These sub-zero temperatures have meant no school for thousands of kids across Michiana. While many enjoy a day off, South Bend School Corporation staffers are working to make sure everything is up and running for Wednesday's scheduled return to class.
One of the priorities for the South Bend Schools is to make sure its’ 300 school buses are up and running Wednesday. The wind chill advisory that kept kids home for the past couple of days is lifted. Now the schools are concentrating on making sure buses work and classrooms are warm.
A "cold day" might be a day off in the comforts of home for thousands of area kids, but it's also causing many people to put in an extra long and cold work day.
“We need to be on time Wednesday, these buses need to get out of the gate in time and run on their routes on time, so the kids don't stand out very long,” says Judith Dahlstrom, Director of Transportation for South Bend Schools.

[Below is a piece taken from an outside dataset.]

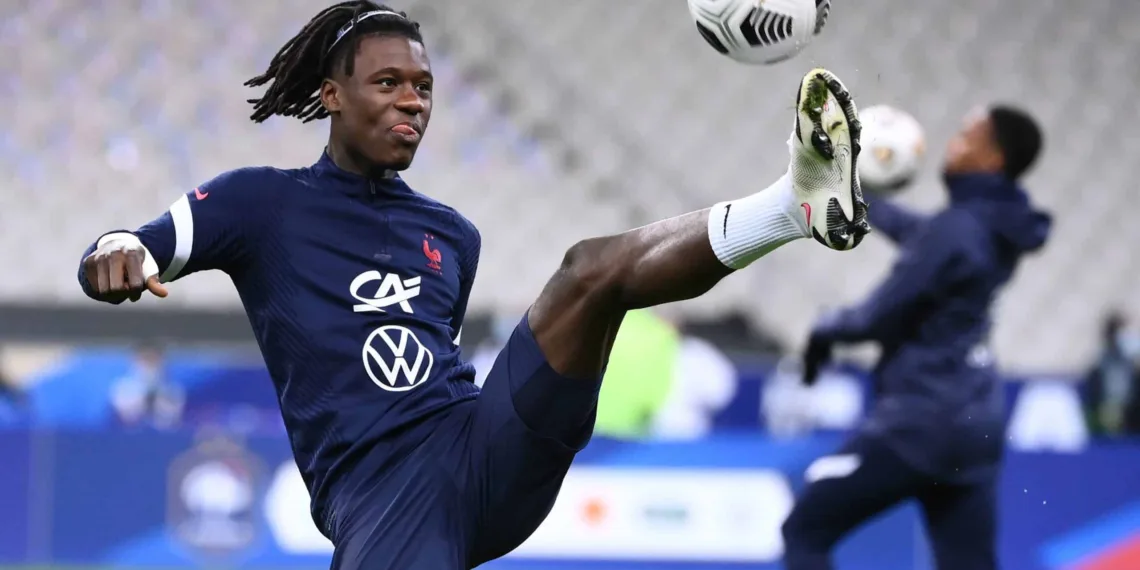 France's midfielder Eduardo Camavinga warms up ahead of the Nations League football match between France and Portugal, on October 11, 2020 at the Stade de France in Saint-Denis, outside Paris. (Photo by FRANCK FIFE / AFP) (Photo by FRANCK FIFE/AFP via Getty Images)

In order to ensure that these diesel engine buses are working Wednesday, mechanics are running each bus for about 45 minutes. “Tomorrow morning the mechanics will be in about 4 AM to re-start the buses and have them running when the drivers get here about 6 AM,” says Dahlstrom.
And across town, at Jefferson School, staff are closely monitoring the heat. You could this program the "mother" of all thermostats. “Which we can monitor 80 percent of our buildings from our computer on our desk, and see what's going on as far as temps and any problems,” says Mike Szymanski, Director of Capital Projects for South Bend Schools.

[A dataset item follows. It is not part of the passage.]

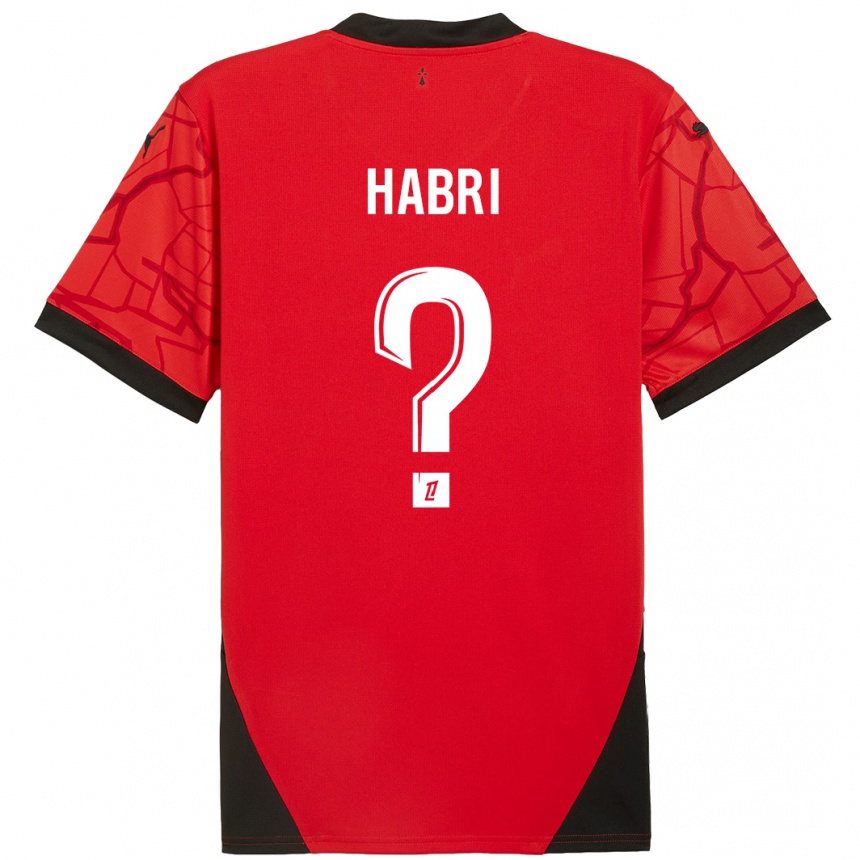 Kids Football Issa Habri #0 Red Black Home Jersey 2024/25 T-Shirt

Jefferson is just one of the School Corporation's 40 buildings. With the Energy Management System or EMS, staff can check out every building within about 10 minutes. Maintenance and staff are also doing walk throughs and keeping a close eye on pipes, which could potentially freeze and burst.

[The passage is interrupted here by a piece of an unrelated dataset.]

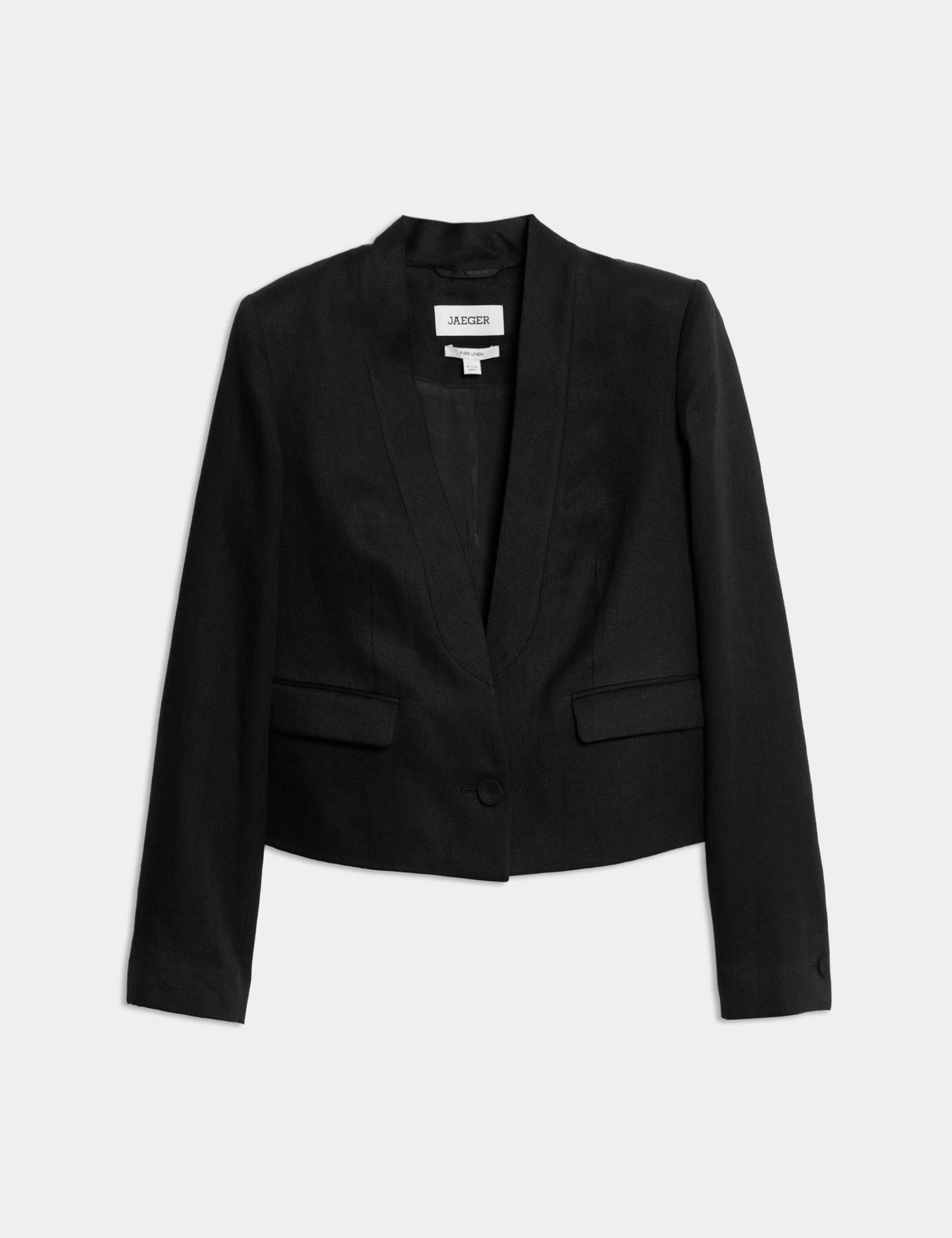Pure Linen Collarless Cropped Jacket 2 of 9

“You do worry about it more, especially over the weekend, when people are away during weekends; that is when you worry. As long as somebody is in the building, you can catch problems pretty fast,” adds Szymanski.
So when these halls fill up again with students and teachers tomorrow, everyone can get straight to the business of learning, instead of worrying about the temperature.
As far as the buses go, Dahlstrom says they will run the spare buses in case they have a problem with the others. They will also have "chase" buses throughout town, in case one bus is delayed, another can pick kids up so they don't have to wait long in the cold.
In case you were wondering, those days are not built into the normal schedule, so that means the days must be added to the end of the school year.